Problem description:
Could you transcribe exactly the lines below, from the line with "World population day drawing" through the line with "Antique Tiffany Brass Art Deco Clock", and nothing else, leaving out the pictures?

[Recorded data]

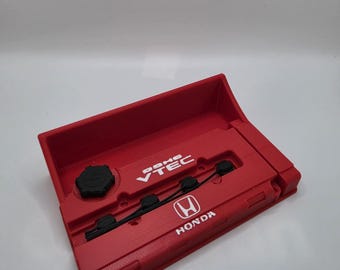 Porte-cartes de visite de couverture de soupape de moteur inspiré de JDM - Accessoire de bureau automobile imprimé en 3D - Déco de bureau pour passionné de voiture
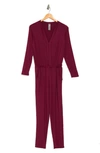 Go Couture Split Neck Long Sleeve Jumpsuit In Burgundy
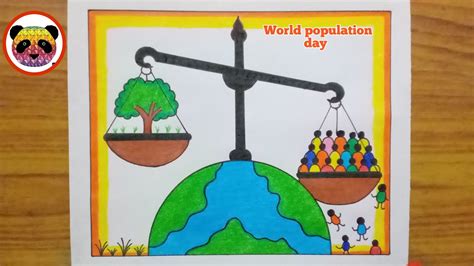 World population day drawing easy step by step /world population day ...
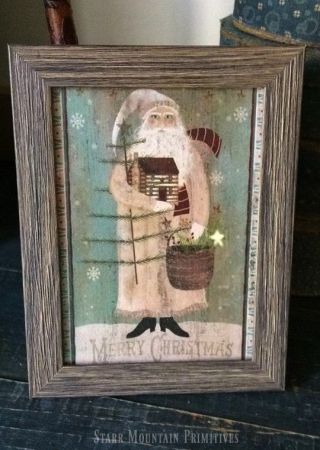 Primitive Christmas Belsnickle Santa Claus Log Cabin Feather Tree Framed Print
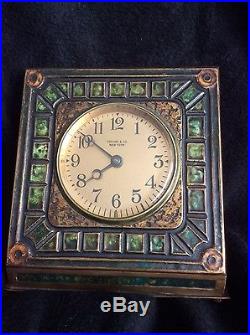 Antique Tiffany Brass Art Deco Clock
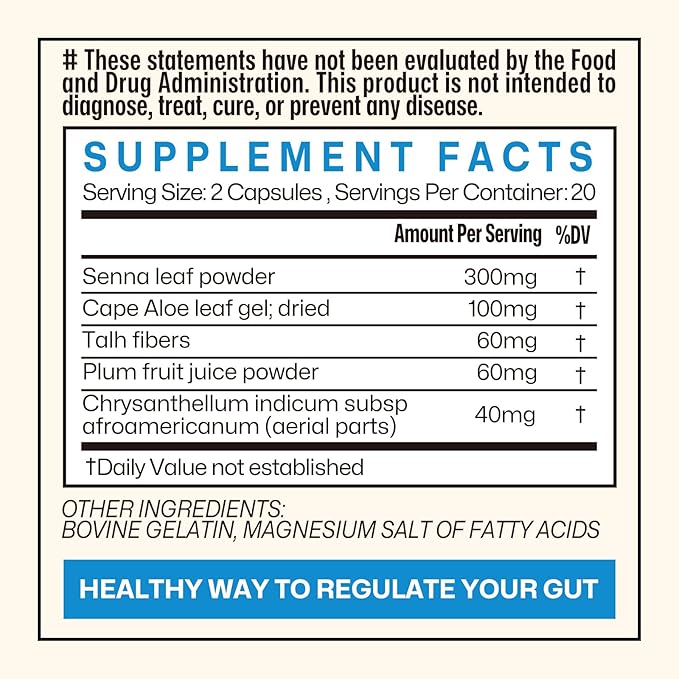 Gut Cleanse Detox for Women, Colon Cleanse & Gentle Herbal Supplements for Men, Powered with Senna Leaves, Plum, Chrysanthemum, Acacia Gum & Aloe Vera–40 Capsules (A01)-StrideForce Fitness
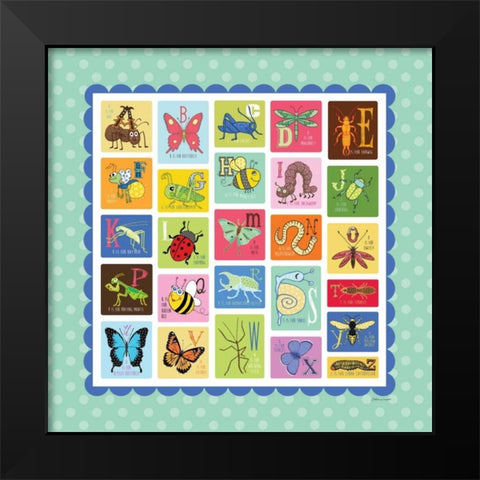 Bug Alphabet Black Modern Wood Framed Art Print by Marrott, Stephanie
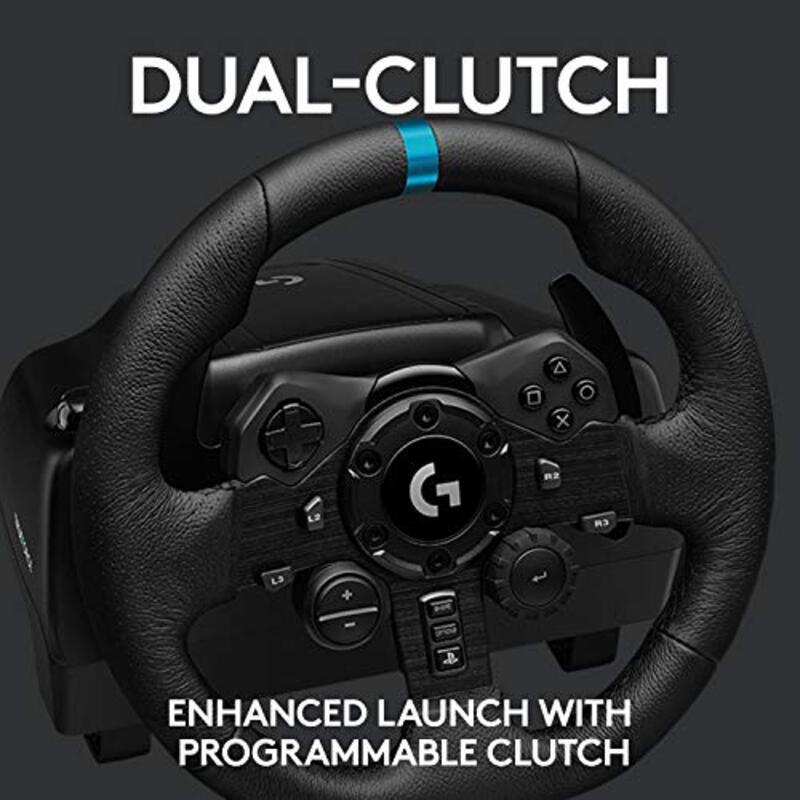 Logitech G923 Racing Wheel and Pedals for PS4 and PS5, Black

Finished task:
 World population day drawing easy step by step /world population day ...
 Primitive Christmas Belsnickle Santa Claus Log Cabin Feather Tree Framed Print
 Antique Tiffany Brass Art Deco Clock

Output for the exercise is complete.